The 2020 census is quickly approaching, and with it rising concern that this decade’s census could undercount the number of children in the U.S. Though the undercount of children isn’t a new issue, there are unique challenges facing the 2020 census that could make it a larger problem than in the past. As an epidemiologist and children’s health policy researcher, I’m concerned about the impact that these challenges could have on children’s health in the coming decade.
Conducting the once-per-decade census is a costly, labor-intensive endeavor, but the U.S. Census Bureau is making important strides to bring it into the 21st century. This includes allowing respondents to complete the census form online for the first time. Such changes, however, come with a steep price tag, forcing the Census Bureau to make tradeoffs in order to stay within the tight budget it has been recently given by Congress and the White House. It had to cancel two out of three scheduled census test runs this year, which would have given us data on how these new methods work in rural and suburban communities.
At the same time, the 2020 census will controversially ask respondents’ about their citizenship for the first time since the 1950s. While the Census Bureau is legally prohibited from sharing personal information with other government agencies, the perception of risk may dissuade people in immigrant communities from responding, increasing the likelihood of an undercount in immigrant communities.
Both of these issues make it all too possible that children will be undercounted in 2020. In 2010, the census missed nearly 1 million children ages zero to 4. Children can go uncounted for any number of reasons — for example, living in a household with multiple families or living at an unregistered address. Minority children or those who live in low-income families that rent are also more likely to be undercounted than their peers. The undercount of young children has increased over time, from 1.8 percent in 1980 to 4.6 percent in 2010.
So why should we be alarmed at the potential undercount of children in 2020?
Census data plays a vital role in determining funding levels for countless federal programs that create the foundation of public health in the United States. If children are undercounted in the census, then federal support for programs like Medicaid, Head Start, Women, Infants, and Children (WIC), foster care, and grants to local education agencies could fall short of on-the-ground need in states. These programs address essential social factors that shape children’s health; funding cuts mean they won’t be able to reach all of the children and families who rely on them.

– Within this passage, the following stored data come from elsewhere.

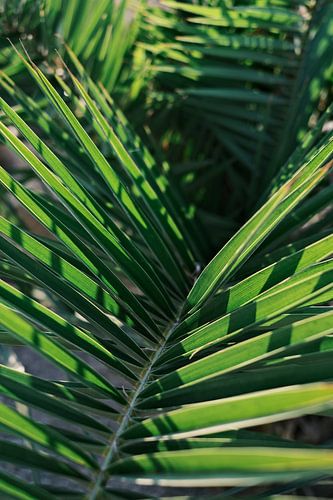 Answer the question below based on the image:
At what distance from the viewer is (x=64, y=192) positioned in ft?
1.74

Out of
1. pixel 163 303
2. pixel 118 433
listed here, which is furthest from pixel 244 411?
pixel 163 303

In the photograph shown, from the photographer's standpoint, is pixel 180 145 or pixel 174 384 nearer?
pixel 174 384

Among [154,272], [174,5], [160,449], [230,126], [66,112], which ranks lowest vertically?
[160,449]

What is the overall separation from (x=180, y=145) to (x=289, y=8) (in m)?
0.30

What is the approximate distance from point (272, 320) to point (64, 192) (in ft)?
0.67

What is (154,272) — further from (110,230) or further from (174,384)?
(174,384)

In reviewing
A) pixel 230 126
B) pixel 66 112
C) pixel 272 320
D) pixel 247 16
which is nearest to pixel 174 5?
pixel 247 16

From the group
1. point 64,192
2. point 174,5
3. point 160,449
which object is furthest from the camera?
point 174,5

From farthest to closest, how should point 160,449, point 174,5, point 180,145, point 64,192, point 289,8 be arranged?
point 180,145
point 289,8
point 174,5
point 64,192
point 160,449

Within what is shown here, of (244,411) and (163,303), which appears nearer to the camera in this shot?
(244,411)

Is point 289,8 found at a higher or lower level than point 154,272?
higher

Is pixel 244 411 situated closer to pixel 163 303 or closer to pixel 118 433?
pixel 118 433

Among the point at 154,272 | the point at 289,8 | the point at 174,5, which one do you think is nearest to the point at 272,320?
the point at 154,272

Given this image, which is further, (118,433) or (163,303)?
(163,303) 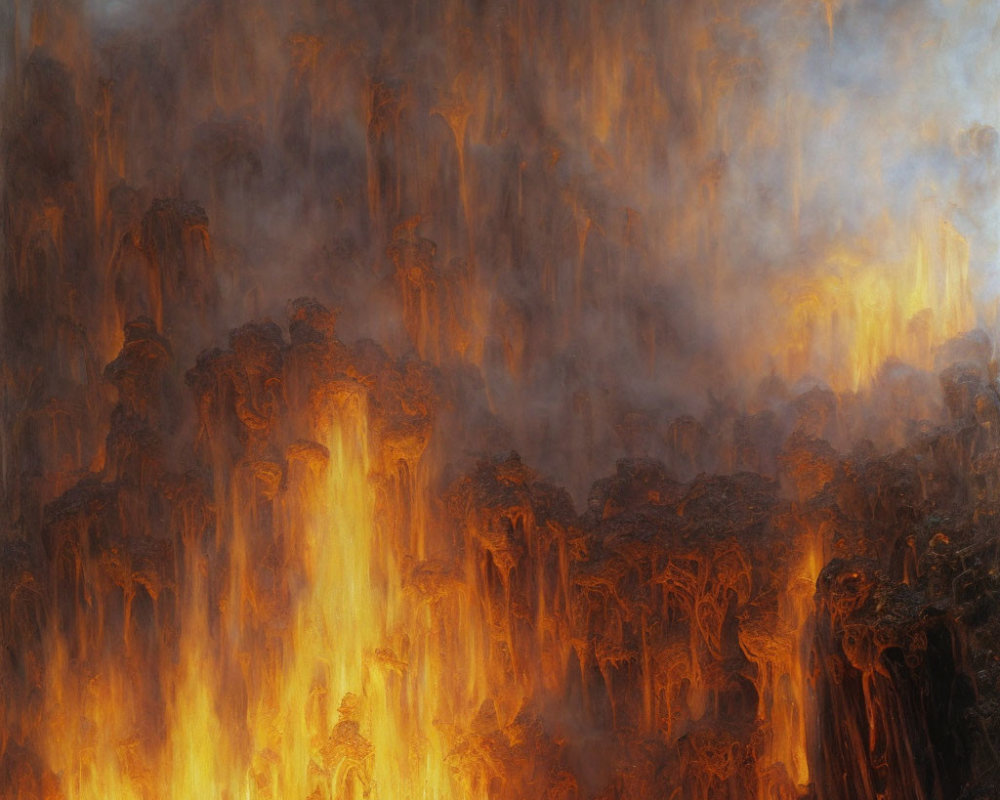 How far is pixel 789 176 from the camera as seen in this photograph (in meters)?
19.2

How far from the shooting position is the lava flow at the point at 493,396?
54.1ft

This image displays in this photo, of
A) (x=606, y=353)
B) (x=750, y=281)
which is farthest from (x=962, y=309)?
(x=606, y=353)

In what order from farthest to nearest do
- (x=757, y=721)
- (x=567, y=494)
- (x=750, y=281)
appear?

Take Medicaid, for example. Each state receives funding from the federal government to support a portion of its annual Medicaid program costs. States with a lower per capita income receive more federal support because they theoretically have a larger Medicaid-eligible population. Per capita income is simply a state’s total income divided by the total population. If the census were to undercount the total population, it would artificially inflate per capita income, which could result in states receiving less federal support for their Medicaid programs. One estimate put states’ annual lost Medicaid funds at anywhere from $533 to $2,309 for each person uncounted by the census. Since Medicaid provides direct health care access for tens of millions of children and their parents in the U.S., the unmet health needs could be huge.

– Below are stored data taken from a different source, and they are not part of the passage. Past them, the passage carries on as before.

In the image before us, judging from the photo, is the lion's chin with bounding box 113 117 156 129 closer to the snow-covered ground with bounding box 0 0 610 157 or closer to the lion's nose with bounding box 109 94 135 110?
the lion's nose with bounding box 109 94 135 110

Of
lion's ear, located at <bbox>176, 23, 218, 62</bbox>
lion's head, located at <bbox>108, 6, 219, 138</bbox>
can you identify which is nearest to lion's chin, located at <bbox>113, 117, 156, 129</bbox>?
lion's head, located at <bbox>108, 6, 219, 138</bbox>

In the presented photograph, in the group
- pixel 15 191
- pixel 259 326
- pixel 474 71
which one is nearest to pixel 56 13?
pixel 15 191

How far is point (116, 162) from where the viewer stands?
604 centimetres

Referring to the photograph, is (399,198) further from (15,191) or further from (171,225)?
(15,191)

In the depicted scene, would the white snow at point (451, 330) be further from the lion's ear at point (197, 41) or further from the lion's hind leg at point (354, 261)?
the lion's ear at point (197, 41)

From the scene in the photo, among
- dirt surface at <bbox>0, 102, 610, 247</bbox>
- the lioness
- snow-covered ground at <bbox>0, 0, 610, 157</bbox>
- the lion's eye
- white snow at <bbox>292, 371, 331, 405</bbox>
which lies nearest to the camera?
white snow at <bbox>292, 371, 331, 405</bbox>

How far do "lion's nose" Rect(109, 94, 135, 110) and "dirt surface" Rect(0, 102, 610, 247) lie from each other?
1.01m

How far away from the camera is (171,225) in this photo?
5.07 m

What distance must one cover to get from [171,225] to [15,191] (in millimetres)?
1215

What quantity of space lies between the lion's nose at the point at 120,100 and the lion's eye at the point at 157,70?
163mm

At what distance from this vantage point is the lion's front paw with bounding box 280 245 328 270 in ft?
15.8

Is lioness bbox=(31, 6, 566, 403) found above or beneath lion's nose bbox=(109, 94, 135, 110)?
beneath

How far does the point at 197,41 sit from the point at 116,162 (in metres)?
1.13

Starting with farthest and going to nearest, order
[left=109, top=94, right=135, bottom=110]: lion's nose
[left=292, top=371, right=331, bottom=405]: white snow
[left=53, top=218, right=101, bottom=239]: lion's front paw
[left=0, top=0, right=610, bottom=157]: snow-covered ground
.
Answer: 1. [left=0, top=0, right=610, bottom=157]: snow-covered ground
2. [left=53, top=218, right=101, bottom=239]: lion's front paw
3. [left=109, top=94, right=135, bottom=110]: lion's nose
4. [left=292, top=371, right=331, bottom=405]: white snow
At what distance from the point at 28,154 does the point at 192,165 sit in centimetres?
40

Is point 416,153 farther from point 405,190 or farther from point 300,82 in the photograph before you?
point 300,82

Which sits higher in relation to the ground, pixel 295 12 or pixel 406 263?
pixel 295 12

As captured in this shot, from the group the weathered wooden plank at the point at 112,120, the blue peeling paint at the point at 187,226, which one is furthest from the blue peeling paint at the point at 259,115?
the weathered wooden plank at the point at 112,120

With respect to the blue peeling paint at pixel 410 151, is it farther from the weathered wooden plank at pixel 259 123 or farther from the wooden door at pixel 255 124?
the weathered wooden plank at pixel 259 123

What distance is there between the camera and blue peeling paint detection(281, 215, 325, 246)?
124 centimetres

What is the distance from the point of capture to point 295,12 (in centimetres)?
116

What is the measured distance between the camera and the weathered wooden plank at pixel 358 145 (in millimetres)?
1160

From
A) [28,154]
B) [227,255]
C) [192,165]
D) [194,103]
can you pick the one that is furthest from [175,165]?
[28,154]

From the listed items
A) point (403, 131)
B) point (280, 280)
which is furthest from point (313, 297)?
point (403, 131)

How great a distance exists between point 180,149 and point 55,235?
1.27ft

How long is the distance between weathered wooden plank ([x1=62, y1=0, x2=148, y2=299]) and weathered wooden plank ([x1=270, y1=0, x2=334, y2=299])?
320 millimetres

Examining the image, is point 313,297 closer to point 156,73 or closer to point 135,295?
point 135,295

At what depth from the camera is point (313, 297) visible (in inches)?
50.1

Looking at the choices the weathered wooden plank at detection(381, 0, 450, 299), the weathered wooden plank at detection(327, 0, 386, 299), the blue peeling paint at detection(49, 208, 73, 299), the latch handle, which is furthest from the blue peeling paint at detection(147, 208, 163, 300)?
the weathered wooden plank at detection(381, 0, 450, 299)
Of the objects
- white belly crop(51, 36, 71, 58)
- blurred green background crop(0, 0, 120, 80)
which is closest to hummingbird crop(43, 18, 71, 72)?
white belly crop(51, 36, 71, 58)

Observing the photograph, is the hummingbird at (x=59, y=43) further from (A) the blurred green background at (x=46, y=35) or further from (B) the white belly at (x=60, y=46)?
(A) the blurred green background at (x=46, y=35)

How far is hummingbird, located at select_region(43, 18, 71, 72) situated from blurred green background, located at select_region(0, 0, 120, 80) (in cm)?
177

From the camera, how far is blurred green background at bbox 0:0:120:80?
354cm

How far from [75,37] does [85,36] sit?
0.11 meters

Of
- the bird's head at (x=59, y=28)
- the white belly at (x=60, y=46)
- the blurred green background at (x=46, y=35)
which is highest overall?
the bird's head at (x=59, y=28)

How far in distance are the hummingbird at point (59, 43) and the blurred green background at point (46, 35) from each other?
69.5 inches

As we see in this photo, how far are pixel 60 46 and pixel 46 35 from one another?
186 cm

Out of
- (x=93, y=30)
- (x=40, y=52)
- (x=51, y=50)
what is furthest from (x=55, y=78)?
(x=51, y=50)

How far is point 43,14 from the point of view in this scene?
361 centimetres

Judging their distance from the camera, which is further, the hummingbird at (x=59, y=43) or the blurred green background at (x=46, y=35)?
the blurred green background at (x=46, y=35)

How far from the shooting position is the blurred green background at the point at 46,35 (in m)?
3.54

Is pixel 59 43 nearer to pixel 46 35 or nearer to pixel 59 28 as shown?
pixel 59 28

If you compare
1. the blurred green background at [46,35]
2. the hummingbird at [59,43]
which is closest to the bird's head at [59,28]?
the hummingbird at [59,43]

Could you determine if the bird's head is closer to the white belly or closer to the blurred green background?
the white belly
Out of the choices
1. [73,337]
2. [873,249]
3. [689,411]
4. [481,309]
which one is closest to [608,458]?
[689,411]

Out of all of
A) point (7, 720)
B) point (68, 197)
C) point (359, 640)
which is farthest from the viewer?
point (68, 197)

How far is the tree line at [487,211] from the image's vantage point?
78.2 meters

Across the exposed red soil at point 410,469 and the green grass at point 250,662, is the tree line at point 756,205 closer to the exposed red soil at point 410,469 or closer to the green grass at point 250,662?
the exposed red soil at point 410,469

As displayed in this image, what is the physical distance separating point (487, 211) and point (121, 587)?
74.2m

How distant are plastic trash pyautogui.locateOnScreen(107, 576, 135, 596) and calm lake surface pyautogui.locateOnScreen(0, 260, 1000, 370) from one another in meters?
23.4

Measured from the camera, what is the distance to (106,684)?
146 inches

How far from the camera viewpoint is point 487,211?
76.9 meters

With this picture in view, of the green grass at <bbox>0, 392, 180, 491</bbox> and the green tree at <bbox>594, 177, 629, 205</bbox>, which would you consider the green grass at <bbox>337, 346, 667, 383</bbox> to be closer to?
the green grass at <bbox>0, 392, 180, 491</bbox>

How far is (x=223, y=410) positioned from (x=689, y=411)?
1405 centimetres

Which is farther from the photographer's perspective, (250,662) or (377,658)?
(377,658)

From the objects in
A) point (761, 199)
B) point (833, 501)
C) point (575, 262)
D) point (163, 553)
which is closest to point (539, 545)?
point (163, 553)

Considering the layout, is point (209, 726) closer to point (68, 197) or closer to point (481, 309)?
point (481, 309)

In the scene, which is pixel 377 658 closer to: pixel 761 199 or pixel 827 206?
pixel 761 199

In public health, accurate population data is the foundation of every informed decision we make. We use it to examine disease prevalence, how disease trends are changing over time, and whether public health interventions are working. Epidemiologists use census data for everything from monitoring asthma hospitalization disparities to understanding populations affected by natural disasters like Hurricane Sandy. If the 2020 census doesn’t capture accurate population counts for children, it will become much more difficult to monitor children’s health trends in the coming decade.

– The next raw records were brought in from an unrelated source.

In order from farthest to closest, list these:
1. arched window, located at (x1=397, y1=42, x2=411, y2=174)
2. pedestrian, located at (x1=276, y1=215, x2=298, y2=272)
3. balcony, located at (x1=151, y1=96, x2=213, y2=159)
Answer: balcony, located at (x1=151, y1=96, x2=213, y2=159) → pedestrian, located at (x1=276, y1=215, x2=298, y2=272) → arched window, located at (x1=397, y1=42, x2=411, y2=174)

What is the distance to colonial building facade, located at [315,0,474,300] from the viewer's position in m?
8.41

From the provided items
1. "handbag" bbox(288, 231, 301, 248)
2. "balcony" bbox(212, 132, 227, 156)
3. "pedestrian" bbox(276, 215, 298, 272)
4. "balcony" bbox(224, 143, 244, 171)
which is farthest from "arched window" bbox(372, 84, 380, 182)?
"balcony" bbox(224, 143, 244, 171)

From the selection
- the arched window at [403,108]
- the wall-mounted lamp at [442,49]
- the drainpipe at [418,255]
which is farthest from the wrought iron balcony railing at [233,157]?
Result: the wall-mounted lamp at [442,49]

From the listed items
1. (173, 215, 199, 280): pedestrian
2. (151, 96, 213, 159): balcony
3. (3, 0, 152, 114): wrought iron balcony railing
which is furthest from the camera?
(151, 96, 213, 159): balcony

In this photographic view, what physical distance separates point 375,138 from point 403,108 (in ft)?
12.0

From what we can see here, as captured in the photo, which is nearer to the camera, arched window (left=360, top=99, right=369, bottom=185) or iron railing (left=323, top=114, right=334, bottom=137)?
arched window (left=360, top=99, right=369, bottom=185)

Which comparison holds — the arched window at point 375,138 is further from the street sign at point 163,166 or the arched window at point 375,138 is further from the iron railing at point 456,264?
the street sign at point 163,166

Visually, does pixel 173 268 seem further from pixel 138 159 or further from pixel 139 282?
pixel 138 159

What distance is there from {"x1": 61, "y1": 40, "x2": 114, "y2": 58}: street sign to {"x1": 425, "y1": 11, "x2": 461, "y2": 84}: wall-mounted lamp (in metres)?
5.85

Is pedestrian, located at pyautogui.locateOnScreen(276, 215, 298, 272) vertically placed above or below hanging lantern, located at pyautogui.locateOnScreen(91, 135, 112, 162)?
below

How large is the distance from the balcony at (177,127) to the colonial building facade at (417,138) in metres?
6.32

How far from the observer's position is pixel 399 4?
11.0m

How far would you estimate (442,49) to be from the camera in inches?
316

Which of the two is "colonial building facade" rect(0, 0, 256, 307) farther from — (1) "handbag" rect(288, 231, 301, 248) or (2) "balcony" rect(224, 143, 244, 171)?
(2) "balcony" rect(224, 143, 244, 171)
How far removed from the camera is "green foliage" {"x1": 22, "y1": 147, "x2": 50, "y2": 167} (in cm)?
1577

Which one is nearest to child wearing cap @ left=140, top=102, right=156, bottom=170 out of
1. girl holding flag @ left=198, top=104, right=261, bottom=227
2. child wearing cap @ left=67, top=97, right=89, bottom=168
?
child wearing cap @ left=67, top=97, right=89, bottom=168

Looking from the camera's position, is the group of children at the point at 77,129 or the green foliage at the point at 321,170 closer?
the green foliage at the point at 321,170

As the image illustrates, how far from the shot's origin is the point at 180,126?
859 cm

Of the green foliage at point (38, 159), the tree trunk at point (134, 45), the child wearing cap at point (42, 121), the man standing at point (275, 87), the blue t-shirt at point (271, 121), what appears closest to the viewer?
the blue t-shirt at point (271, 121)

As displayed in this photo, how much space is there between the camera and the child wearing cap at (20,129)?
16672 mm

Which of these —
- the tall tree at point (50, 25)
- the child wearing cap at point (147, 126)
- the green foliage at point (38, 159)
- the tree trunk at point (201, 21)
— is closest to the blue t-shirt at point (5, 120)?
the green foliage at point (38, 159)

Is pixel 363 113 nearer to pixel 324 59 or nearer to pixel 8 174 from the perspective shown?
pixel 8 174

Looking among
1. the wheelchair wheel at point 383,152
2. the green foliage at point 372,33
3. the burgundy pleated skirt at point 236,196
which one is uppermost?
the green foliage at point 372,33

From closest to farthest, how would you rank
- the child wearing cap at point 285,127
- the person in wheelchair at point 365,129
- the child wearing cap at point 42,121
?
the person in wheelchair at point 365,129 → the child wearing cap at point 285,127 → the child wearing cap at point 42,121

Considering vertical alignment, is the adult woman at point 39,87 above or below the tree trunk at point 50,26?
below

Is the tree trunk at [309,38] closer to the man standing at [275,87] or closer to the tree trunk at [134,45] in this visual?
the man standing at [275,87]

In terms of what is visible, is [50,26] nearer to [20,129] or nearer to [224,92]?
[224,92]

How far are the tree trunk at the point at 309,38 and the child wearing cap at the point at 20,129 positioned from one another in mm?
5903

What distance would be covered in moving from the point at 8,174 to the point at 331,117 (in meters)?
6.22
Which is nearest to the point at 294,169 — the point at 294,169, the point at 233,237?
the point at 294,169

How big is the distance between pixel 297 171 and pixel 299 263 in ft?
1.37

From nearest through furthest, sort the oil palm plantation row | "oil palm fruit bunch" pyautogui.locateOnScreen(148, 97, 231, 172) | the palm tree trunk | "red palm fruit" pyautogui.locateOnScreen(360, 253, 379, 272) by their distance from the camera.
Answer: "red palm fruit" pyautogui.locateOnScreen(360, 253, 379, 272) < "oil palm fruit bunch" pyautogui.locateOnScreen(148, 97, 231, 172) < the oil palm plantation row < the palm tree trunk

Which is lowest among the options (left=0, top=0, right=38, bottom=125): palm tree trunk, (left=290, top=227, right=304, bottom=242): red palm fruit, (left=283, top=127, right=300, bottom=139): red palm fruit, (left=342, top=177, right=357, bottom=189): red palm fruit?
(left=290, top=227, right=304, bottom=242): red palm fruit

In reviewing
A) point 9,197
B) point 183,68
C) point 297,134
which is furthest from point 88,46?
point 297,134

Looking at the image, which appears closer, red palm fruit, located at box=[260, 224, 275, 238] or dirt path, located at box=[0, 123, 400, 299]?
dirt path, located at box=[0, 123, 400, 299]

Children uncounted by the census won’t get our help if we don’t know that they are there. As it stands, we’re risking a situation in which some children won’t be counted in the 2020 census by virtue of the economic or geographic circumstances they were born into. And if they’re not counted, they’ll have a harder time accessing the very services that can help kids surmount early disadvantages. This inequity is at the heart of why we need to take seriously the consequences of a possible undercount of children. Representation in the census is a right of everyone living in the U.S.; if we’re to achieve equitable health outcomes for children in this country, that right must be fulfilled for every child in 2020.